Unfortunately, most of the subsequent patents can be used in surveillance technologies, a new study published in Nature has found. These, of course, are usually deployed to identify and track people.
That’s why computer scientists need to “wake up” and consider the moral implications of their work, said Yves Moreau, a computational biologist at the Catholic University of Leuven in Belgium, who studies the ethics of human data.
It’s all even worse when you add artificial intelligence (AI) into the equation. AI enhances imaging capabilities and allows the surveillance technologies to recognize humans and their behavior through, for example, face or gait.
The analysis assessed 19,000 computer-vision papers published between 1990 and 2020 at the leading Conference on Computer Vision and Pattern Recognition, as well as 23,000 patents that cited them.
The researchers looked in depth at a random sample of 100 papers and 100 patents and found that 90% of the studies and 86% of the patents that cited those papers involved data relating to imaging humans and their spaces. Just 1% of the papers and 1% of the patents were designed to extract only non-human data.
Quite predictably, police forces and governments say that AI-powered surveillance allows them to better protect the public. But critics say that the systems are prone to error, disproportionately affect minority populations, and could be used to suppress protest.
And the trend has increased. In a wider analysis, the researchers searched all the patents for a list of keywords linked to surveillance, such as “iris,” “criminal,” and “facial recognition.”

They found that in the 2010s, 78% of computer-vision papers that led to patents produced ones related to surveillance, compared with 53% in the 1990s.
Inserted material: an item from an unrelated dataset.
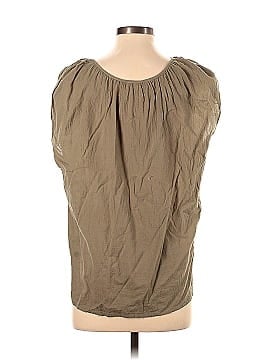 Carly Jean Short Sleeve Blouse (view 2)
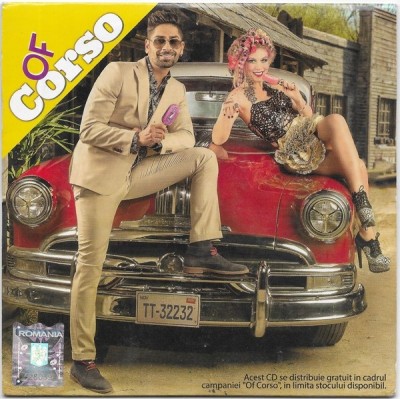 Of Corso, CD foto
Almost “the entire field is working on faces and gaits, on detecting people in images, and nobody seems to be saying, ‘Wait, what are we doing here?’” said Moreau.
The researchers challenge the notion that only a few rogue entities enable surveillance. Rather, they found that the normalization of targeting humans permeates the field, and that this normalization is especially striking given patterns of obfuscation.
Within the industry, the field of computer-vision is usually portrayed as a scientific, data-driven endeavor designing new proteins, creating art, and modelling climate change.
“Obfuscating language allows documents to avoid direct mention of targeting humans, for example, by normalizing the referring to of humans as ‘objects’ to be studied without special consideration. Our results indicate the extensive ties between computer-vision research and surveillance,” says the study.
Moreover, within the industry, the field of computer-vision is usually portrayed as a scientific, data-driven endeavor designing new proteins, creating art, and modelling climate change.
“Yet, prominent computer-vision tasks, such as facial recognition, continue to be tightly tied to military and carceral use, heavily shaping core aspects and uses of these subfields,” the study points out.